Considering that the particle size of FeSiB^AP is much smaller than that of Fe^CP, specific surface areas of Fe^CP and FeSiB^AP are measured to be 0.339 and 0.329 m²/g by a BET analysis, respectively. Thus, the surface area normalized rate constants k_SA of Fe^CP and FeSiB^AP are calculated to be 0.07 and 0.353 L/(m²·min) by the equation: k_SA = k/ρ_a, where ρ_a is the surface area concentration of the sample [17]. Therefore, the reaction rate of per-unit surface area of FeSiB^AP is about 99 times that of Fe^CP.

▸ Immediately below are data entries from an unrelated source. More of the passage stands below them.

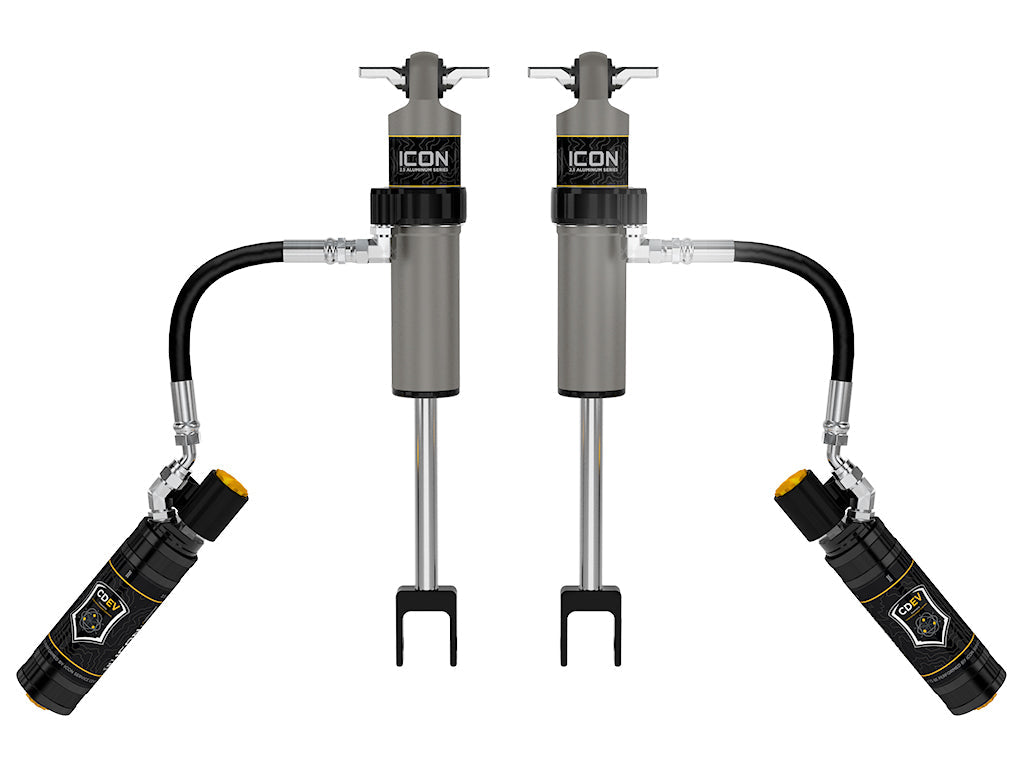 ICON 2020-2026 Chevrolet Silverado/GMC Sierra 2500/3500 HD, 0-3.5” Lift, Front, V.S. 2.5 Aluminum Series Shock Absorbers, Remote Reservoir w/ CDEV, Pair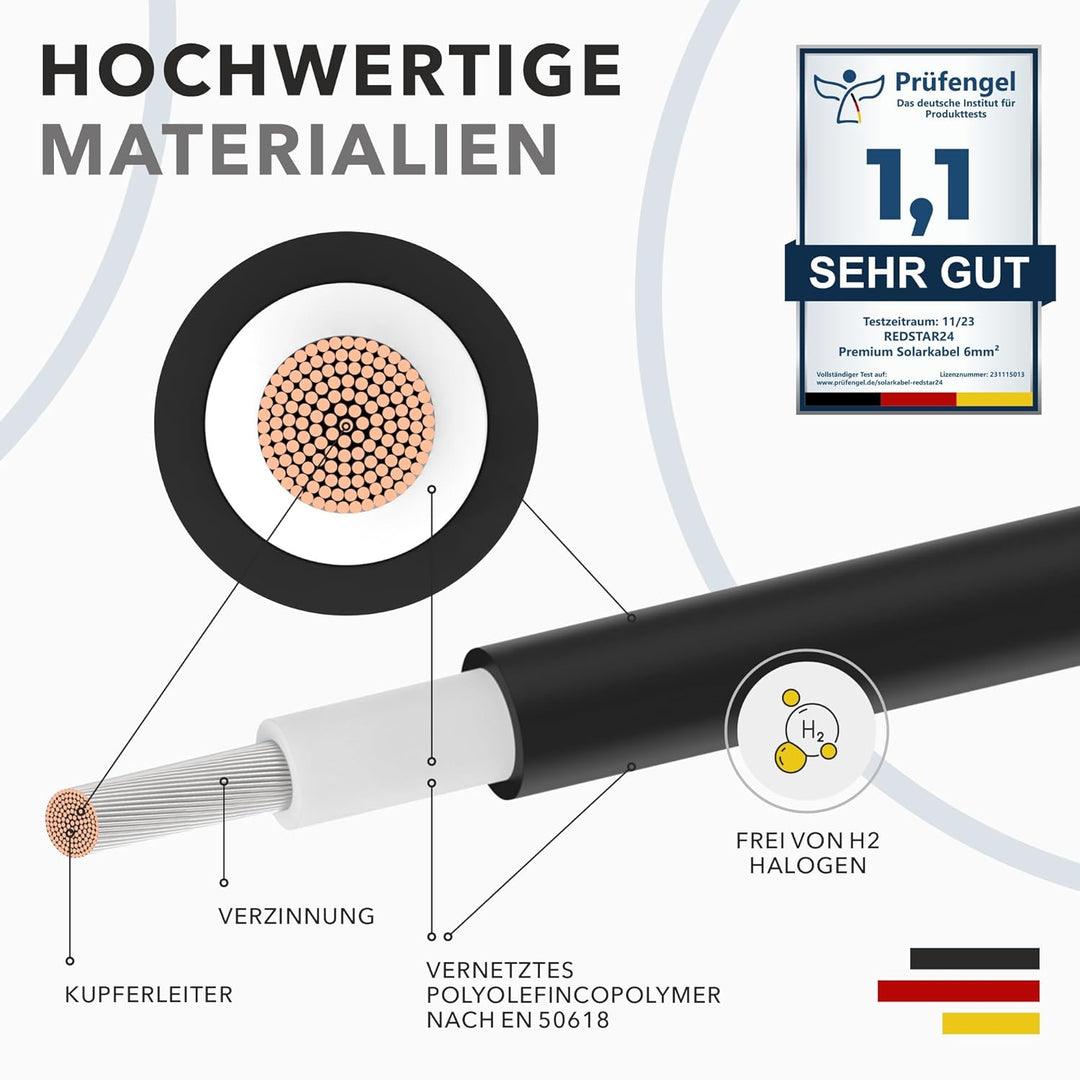 RedStar24 Premium Solarkabel 6mm² Schwarz - 30m - TÜV-zertifiziert - UV-beständig, flexibel, Photovo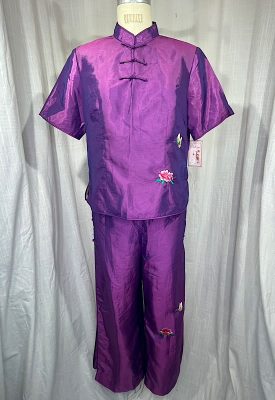 la boudoir miami vintage 90s purple oriental flower embroidered pant set (2)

3.2. Removal Mechanism of the Amorphous Ribbons

Reaction active energy (ΔE) is an effective parameter for exploring the removal mechanism of various reactions. Figure 4 shows the dependence of normalized concentration of Pb(II) on reaction time at different temperatures for Fe^CP and FeSiB^AR. Based on the calculated reaction rate constants at different temperatures, the reaction active energy ΔE can be derived using the Arrhenius-type equation, ln k = −ΔE/RT + lnA, where R is the gas constant, and A is a constant [16]. ΔE is calculated to be 31.2 and 22.4 kJ/mol for Fe^CP and FeSiB^AR, indicating that the reaction between FeSiB^AR and the Pb(II) solution is easier. According to the perspective of thermodynamics, diffusion-controlled reactions in solution have relatively lower activation energies (~8–21 kJ/mol), whereas the surface-controlled chemical reactions have larger activation energies (>29 kJ/mol) [18,19]. Consequently, the reaction between Fe^CP and the Pb(II) solution is surface-controlled, whereas interface resistance in the reaction between FeSiB^AR and the Pb(II) solution has been greatly reduced. The results are consistent with the report that ZVI removes Pb(II) from solution, mainly by absorption and coprecipitation [20].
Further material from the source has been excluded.